Thesis Defense

Optical Tweezers-based Microrheological Measurements Using a High-Speed Camera

Thursday, 18 May 2017 12:00PM PDT
Thesis Defense
Victoria Loosemore
Department of Physics
Optical Tweezers-based Microrheological Measurements Using a High-Speed Camera
May 18, 2017 at 12PM


Collagen, the most abundant protein in the body, assembles into an extra-cellular fibrillar gel, which has both viscous and elastic properties. These properties can be determined by using optical tweezers to hold a micron-sized bead within the sample. Measurement of the bead's thermally induced motion enables the determination of the frequency-dependent viscoelasticity. Rather than only probing response at a single location, holographic optical tweezers create multiple, independent traps, permitting simultaneous tracking of multiple embedded beads and characterization of their correlated motion. By using this technique in a collagen gel, we will be able to determine local and through-space viscoelastic properties, which vary at different locations during its formation. Implications of this research lie in the fields of health and biomaterials. 

The aim of this work is to devise and validate protocols for using holographic optical tweezers to measure local and through-space viscoelasticity. Rather than using laser deflection to track particle motion, I use of a high-speed camera and image analysis to track the simultaneous motion of multiple beads.  This approach provides nanometer-scale resolution of particle position at sampling rates of up to 2.5 kHz. I compare tracking data collected from the high-speed camera to those collected by the laser deflection method and find a discrepancy in the perceived motion of the bead. I perform many experimental tests to assess the root of this problem.

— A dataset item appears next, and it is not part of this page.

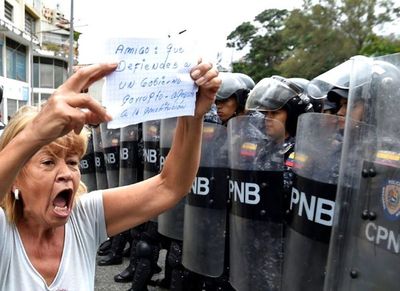 Maduro llama a militares a “estar listos” contra EEUU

Additionally, I numerically represent bead motion measurements if collected using both methods (laser deflection method and high-speed camera method) and compare them to the idealized measurement results. In doing so, I learn about the limitations of each method, and how the viscous and elastic properties output from the data is affected by each measurement device.

Finally, based on my numerical representations, I suggest a simple procedure to gain more accuracy in the viscous and elastic properties for both simple fluids (such as water) and complex fluids (such as collagen solutions) when using each method. This procedure can be used in future holographic optical tweezers-based experiments to obtain an accurate representation of the local and correlated properties of collagen.